(Recorded data Opens)

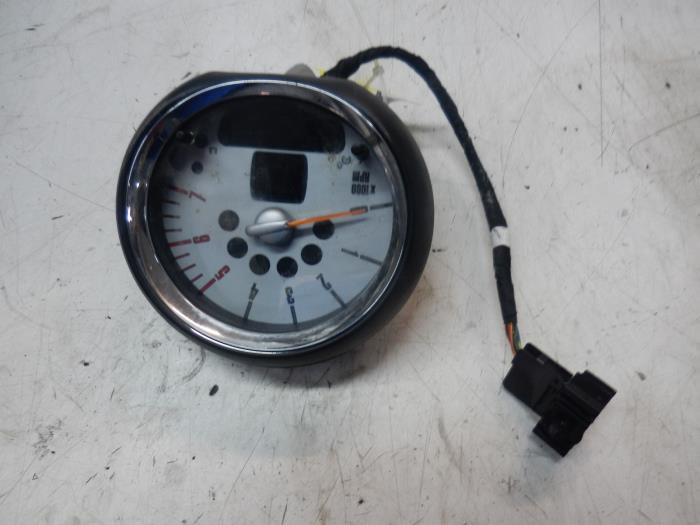 Używane Obrotomierz Mini Mini (R56) 1.6 Cooper D 16V Cena € 82,95 Procedura marży oferowane przez Wessel Parts & Service B.V.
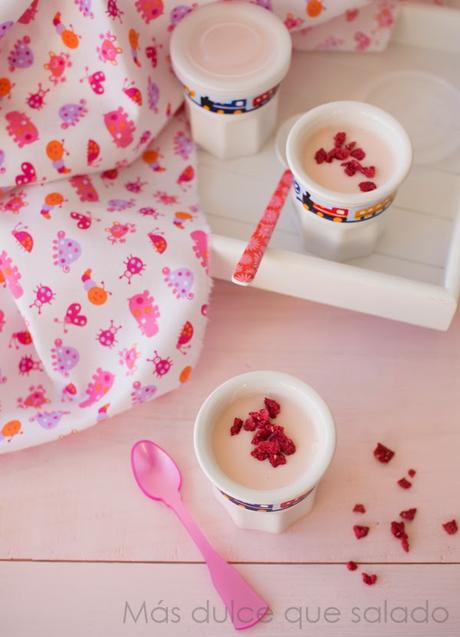 Petit suise de fresa y chocolate blanco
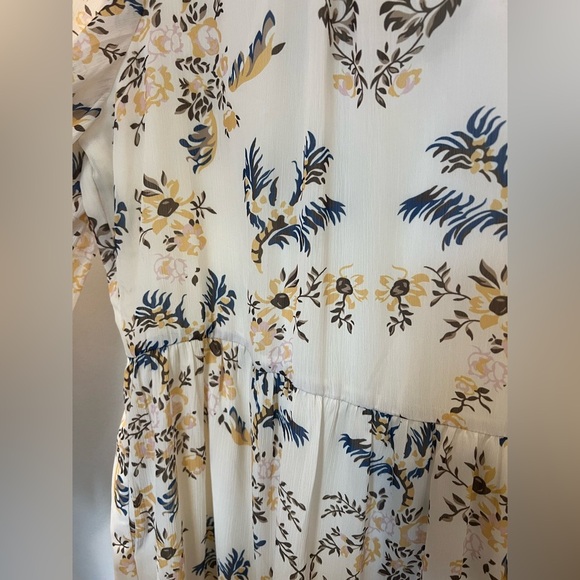 Vada Winter Boutique Bohemian Golden Hour Floral Dress - Picture 5 of 8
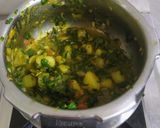 A picture of step 4 of Aloo palak in pressure cooker.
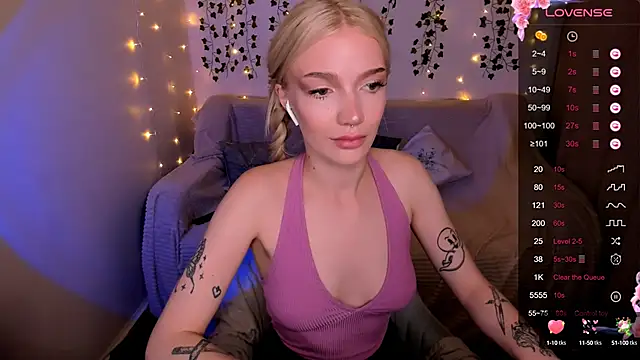 AnyaTaylor_ webcam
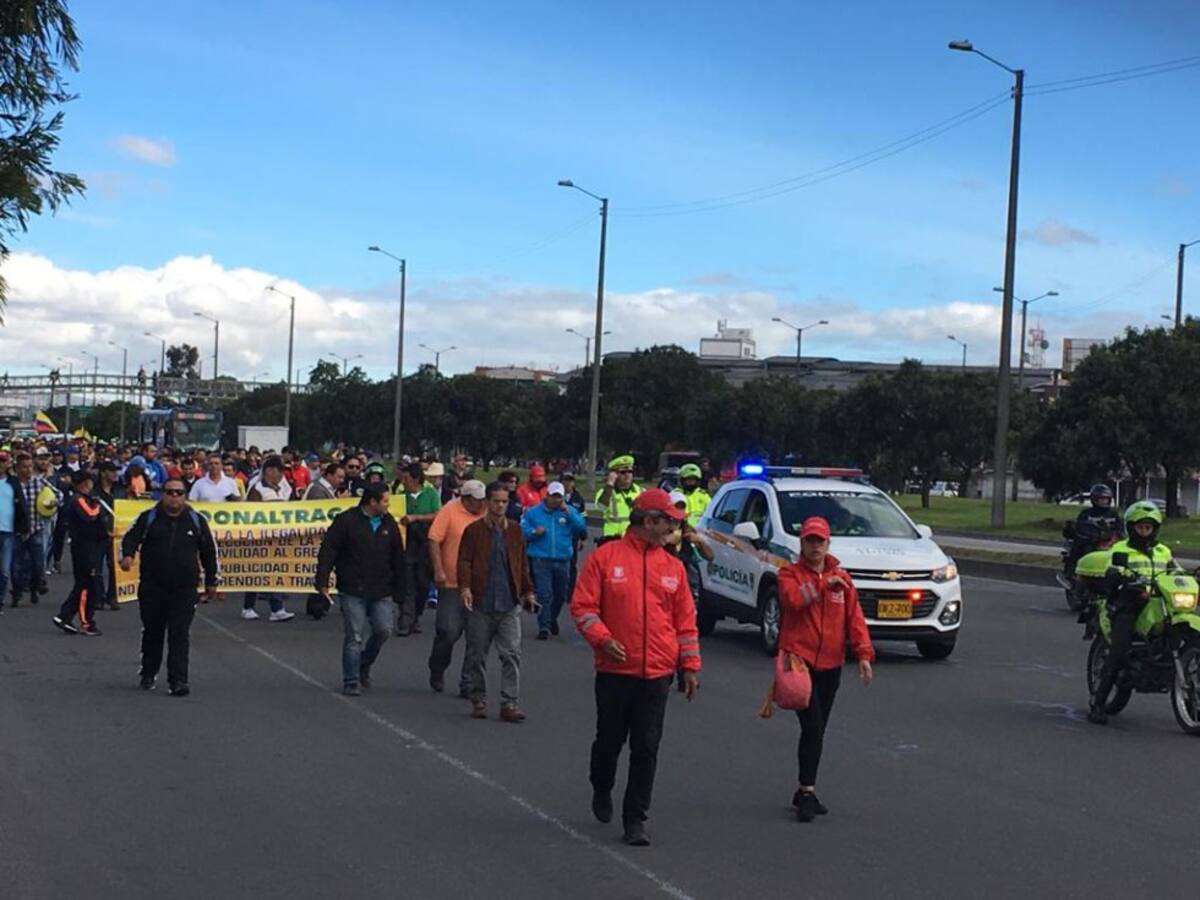 Avanza marcha de taxistas por las vías de Bogotá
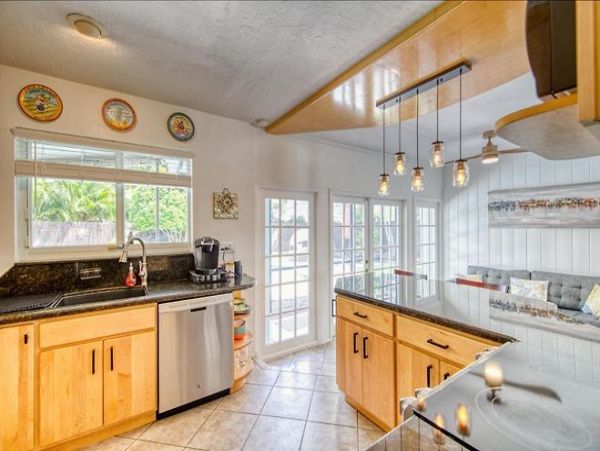 Oakland Park Vacation Home Three Bedroom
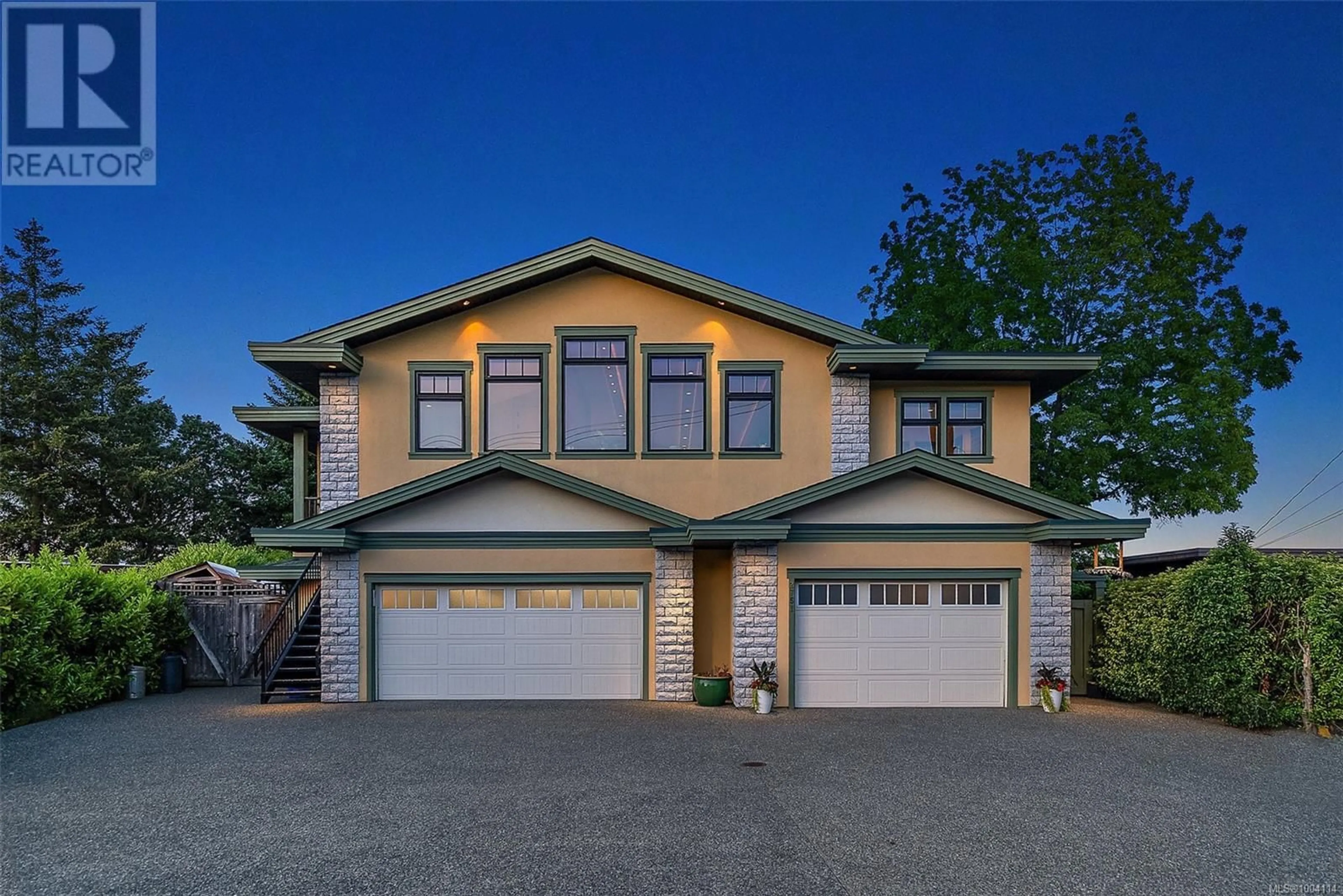 Home with vinyl exterior material, street for 2751 SHORELINE DRIVE, View Royal British Columbia V9B1M7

(Recorded data Closes)

* **Task prompt**: Return the entries unchanged, save for the pictures, which do not belong in the copy.

* **Written response**:
 Używane Obrotomierz Mini Mini (R56) 1.6 Cooper D 16V Cena € 82,95 Procedura marży oferowane przez Wessel Parts & Service B.V.
 Petit suise de fresa y chocolate blanco
 Vada Winter Boutique Bohemian Golden Hour Floral Dress - Picture 5 of 8
 A picture of step 4 of Aloo palak in pressure cooker.
 AnyaTaylor_ webcam
 Avanza marcha de taxistas por las vías de Bogotá
 Oakland Park Vacation Home Three Bedroom
 Home with vinyl exterior material, street for 2751 SHORELINE DRIVE, View Royal British Columbia V9B1M7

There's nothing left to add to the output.